#### REQUIREMENT:
Within the entries below, output exactly the lines between the line containing "There's a new" and the line containing "Care is taken", inclusive, and omit any picture.

*** Opening of INFORMATION PROVIDED ***

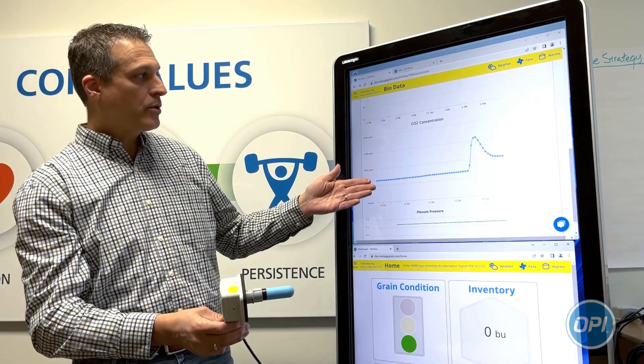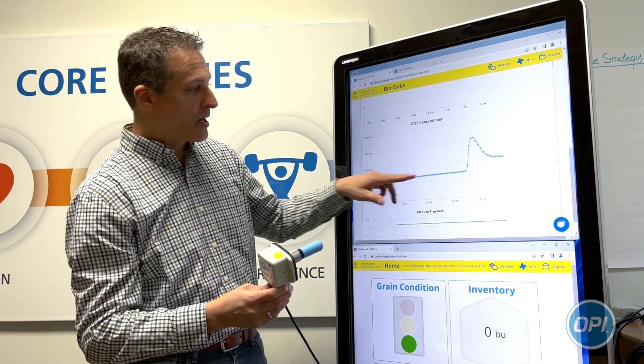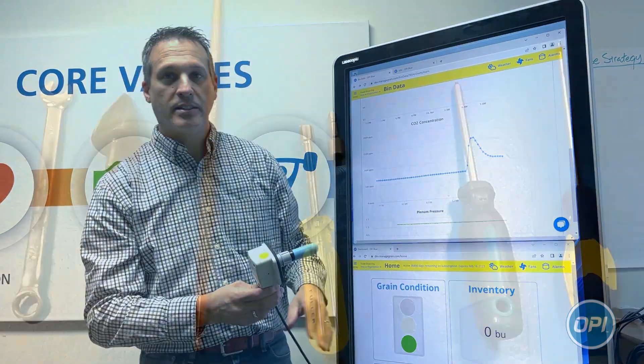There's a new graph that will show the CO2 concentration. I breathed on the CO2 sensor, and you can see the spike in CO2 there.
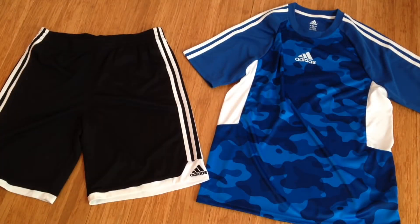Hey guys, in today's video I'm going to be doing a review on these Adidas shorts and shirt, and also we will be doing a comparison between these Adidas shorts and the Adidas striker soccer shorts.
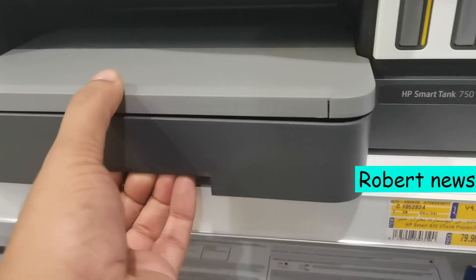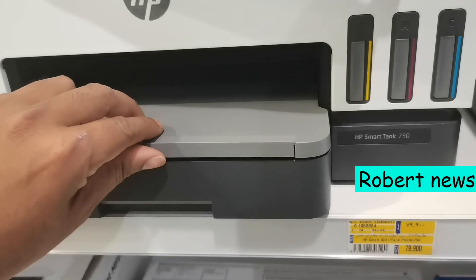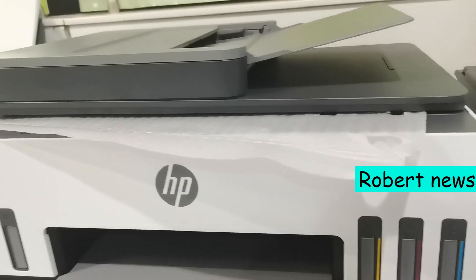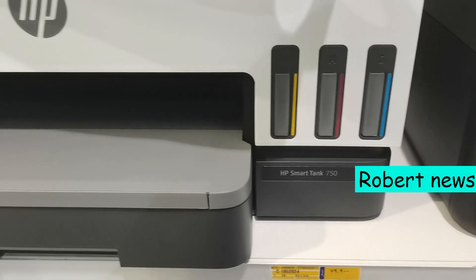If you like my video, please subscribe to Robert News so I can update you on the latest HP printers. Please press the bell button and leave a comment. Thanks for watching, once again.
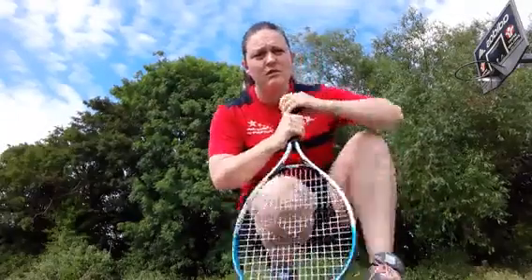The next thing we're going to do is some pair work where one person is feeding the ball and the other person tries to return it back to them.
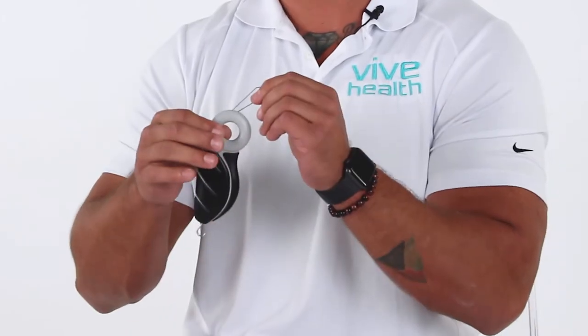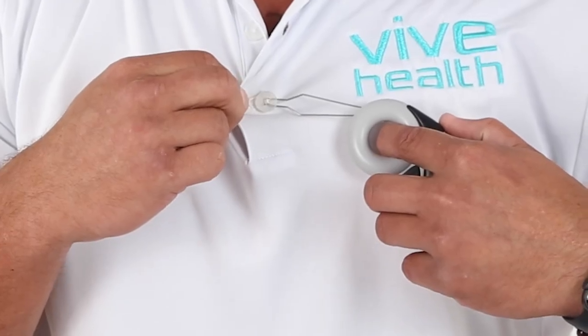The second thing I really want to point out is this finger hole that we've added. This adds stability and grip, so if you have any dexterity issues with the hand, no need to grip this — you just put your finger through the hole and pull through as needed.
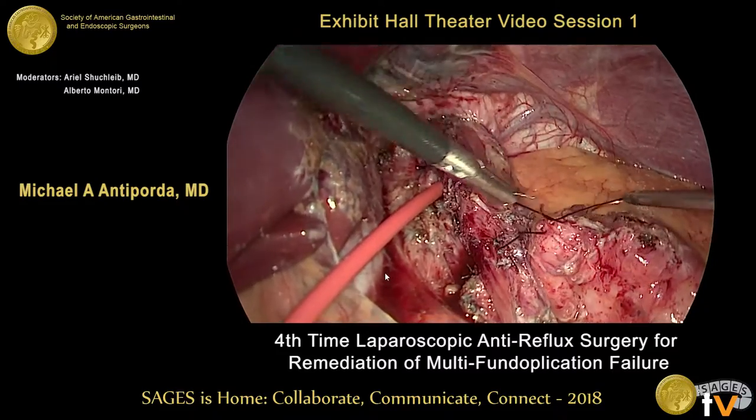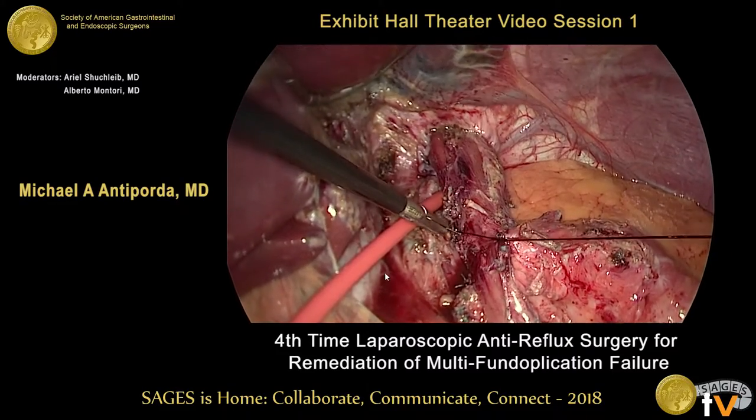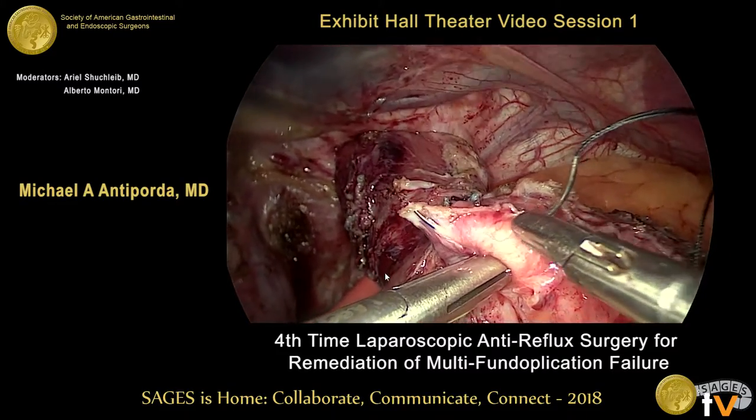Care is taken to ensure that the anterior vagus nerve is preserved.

*** Close of INFORMATION PROVIDED ***
*** Opening of INFORMATION PROVIDED ***

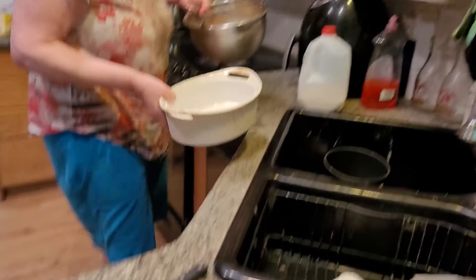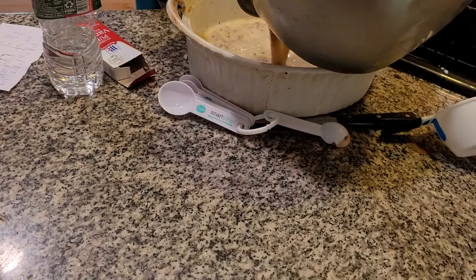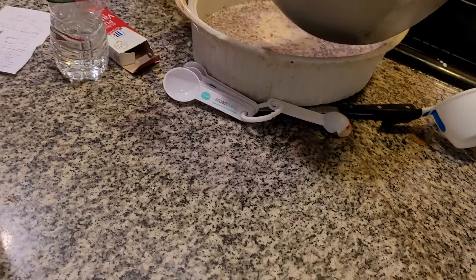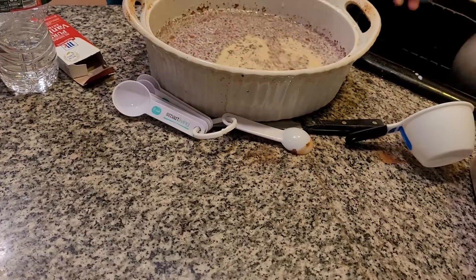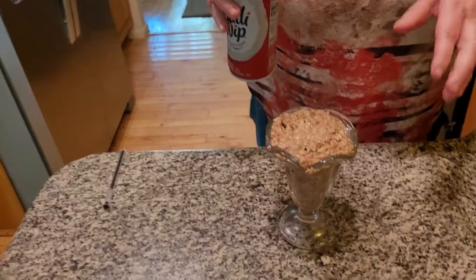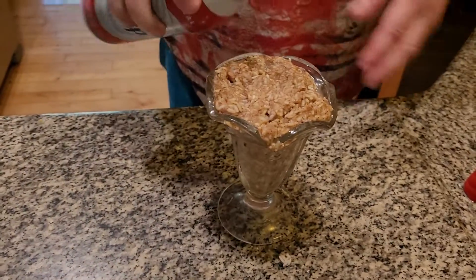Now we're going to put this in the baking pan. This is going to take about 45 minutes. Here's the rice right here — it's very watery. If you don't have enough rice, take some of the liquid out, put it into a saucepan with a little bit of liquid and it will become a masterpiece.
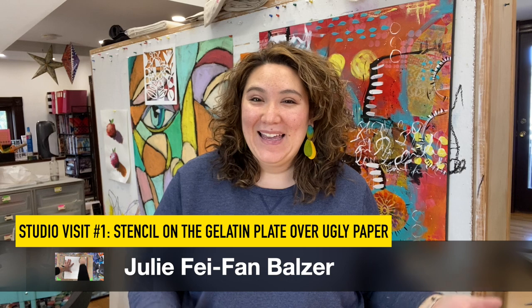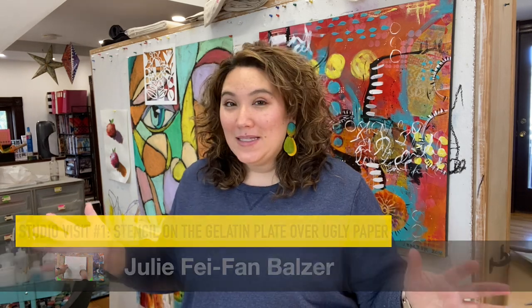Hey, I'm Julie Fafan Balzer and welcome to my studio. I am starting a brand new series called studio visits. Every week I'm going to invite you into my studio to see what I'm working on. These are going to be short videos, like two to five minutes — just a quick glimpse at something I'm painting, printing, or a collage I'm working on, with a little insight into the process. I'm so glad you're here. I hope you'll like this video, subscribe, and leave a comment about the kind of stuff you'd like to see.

*** Close of INFORMATION PROVIDED ***

#### COMPLETED EXERCISE:
There's a new graph that will show the CO2 concentration. I breathed on the CO2 sensor, and you can see the spike in CO2 there.
Hey guys, in today's video I'm going to be doing a review on these Adidas shorts and shirt, and also we will be doing a comparison between these Adidas shorts and the Adidas striker soccer shorts.
If you like my video, please subscribe to Robert News so I can update you on the latest HP printers. Please press the bell button and leave a comment. Thanks for watching, once again.
The next thing we're going to do is some pair work where one person is feeding the ball and the other person tries to return it back to them.
The second thing I really want to point out is this finger hole that we've added. This adds stability and grip, so if you have any dexterity issues with the hand, no need to grip this — you just put your finger through the hole and pull through as needed.
Care is taken to ensure that the anterior vagus nerve is preserved.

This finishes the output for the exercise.